A Sun engineer on Linux
Posted Sep 23, 2004 21:30 UTC (Thu) by
khim (subscriber, #9252)
In reply to:
A Sun engineer on Linux by mmarq
Parent article:
A Sun engineer on Linux
In my low technical ability of this matters, i belive, that that could be achieved with a message passing communication layer, forming a ´split´ Driver Model, similar in spirit to I2O, and not requiring no one to bend over to any ABI compatibility...
Hmm... Possible ? Yes. Feasible ? Hardly. For example if you are using right kind of hardware then data can be transferred from disc (via DMA) straight to network card buffer - without processor help and in some cases even without main RAM involved. It's quite easy to do with linux kernel (if hardware is capable): drivers know enough about kernel internals to easily shuffle data around in such a way. It's very hard to develop something like this with "split drivers".

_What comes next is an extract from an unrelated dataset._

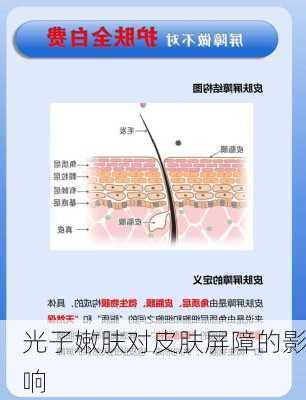 光子嫩肤对皮肤屏障的影响
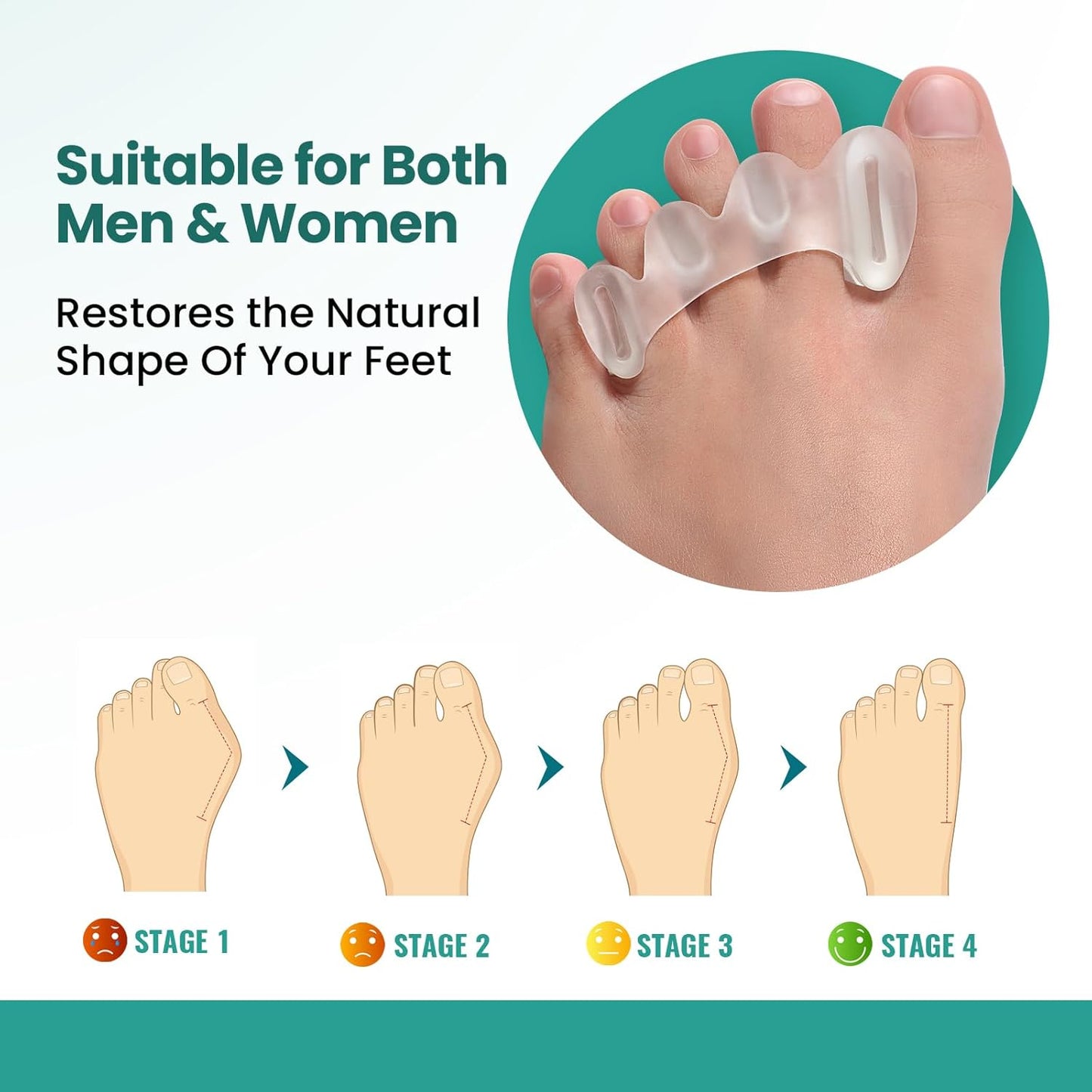Welnove Toe Separators - 2 Pairs Toe Spacers for Women Men to Correct Bunion, Toe Straighteners for Plantar Fasciitis, Hammertoes, Relieve Feet Pain, Foot Alignment - S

Proprietary drivers have nasty tendency to become broken and obsolete long before hardware becomes unusable. Windows suffers from this horrible. "Oh, your three year old winprinter have drivers for Windows98 but not for WindowsXP? Sorry - we can not do anything with it. You USB gadget works fine with Windows2000 but will crash WindowsXP? Try to ask manufacturer and pray...". And this is Windows! With mighty Microsoft behind it! You can be very sure binary drivers for "split driver model" will have a lot of kludges, will break constantly (it's one thing to write specifications for "correct split drivrs" and it's quite another thing to make vendors do drivers really compatible with abstract specifications and not with real Linux 2.6.8.1 or FreeBSD 5.2) and so on. Just like most binary-only Linux drivers today. No, it does not worth it. Too many problems, too little gain.
Solaris x86 does support far less hardware then Linux after all.